The TSA is a simple yet powerful tool that extends the reach of the GAMUT data by providing visualizations of the data to a variety of users in a web browser. The TSA consists of a Google Maps-based interface to spatially visualize the locations of the GAMUT sites, a selectable list of data series available at each site, and a plotting interface. These three components are presented as tabs alongside a panel of search facets by which the available data series can be filtered to facilitate discovery and narrow selection of data series for visualization or download. Locating the monitoring sites on a map provides context for data selection and spatial reference for data interpretation. Figure 7 shows screenshots of the TSA user interface.
Fig. 7

Screenshots of the mapping tab, dataset selection tab, and visualization tab of the Time Series Analyst web interface

The TSA retrieves data for visualization from the GAMUT WaterOneFlow web services. The GAMUT ODM databases are queried daily using a stored procedure to generate a catalog table that contains a list of available data series, time periods for which data are available, and a web service URL for each time series that can be used to retrieve a WaterML file containing the data. The catalog also includes metadata attributes that are used as the facets by which the time series can be filtered. Because WaterOneFlow web services have also been deployed for many other data sources, including the USGS National Water Information System, we are able to include references to USGS instantaneous, daily value, and groundwater sites within the GAMUT watersheds in the TSA catalog and provide access and visualization alongside the GAMUT data.

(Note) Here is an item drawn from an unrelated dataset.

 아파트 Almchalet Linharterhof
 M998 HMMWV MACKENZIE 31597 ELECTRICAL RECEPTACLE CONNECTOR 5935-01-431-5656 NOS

The TSA software is open source, and could be deployed for use with time series of data from any WaterOneFlow web service.

In addition to the TSA, we have deployed a static webpage as a GAMUT homepage (http://gamut.iutahepscor.org) with web pages for each watershed and monitoring site in the GAMUT network. The site pages include site metadata, a photo gallery, and spark line plots for variables of interest to indicate current conditions and trends over the past 24 h (Fig. 8). The spark lines link directly to the corresponding visualization in the TSA to facilitate further exploration. The individual site pages serve as a landing page and initial entry point for data access and visualization by new or novice users.
Fig. 8

Screenshot of the webpage for an individual monitoring site within the GAMUT network showing site information and recent conditions

Finally, both the raw and quality-controlled time series from the GAMUT network are formally published within the iUTAH Data Publication System (http://repository.iutahepscor.org). This publication system is based on CKAN, which is an open source data publication system (http://ckan.org). It was deployed to support publication of the heterogeneous datasets that are being generated, collected, or that are of interest to the iUTAH community and enables publication and archival of finalized, file-based datasets. In the case of the continuous GAMUT data, annual, file-based snapshots are published. For the raw data, a single file is produced per site for each year containing data for all variables collected at a site. The file for the current year is updated daily until the end of the year when the file is finalized. The quality-controlled time series are published in a similar manner but are updated periodically as quality-controlled data become available. This functionality helps address the need for “Data versioning and archival”.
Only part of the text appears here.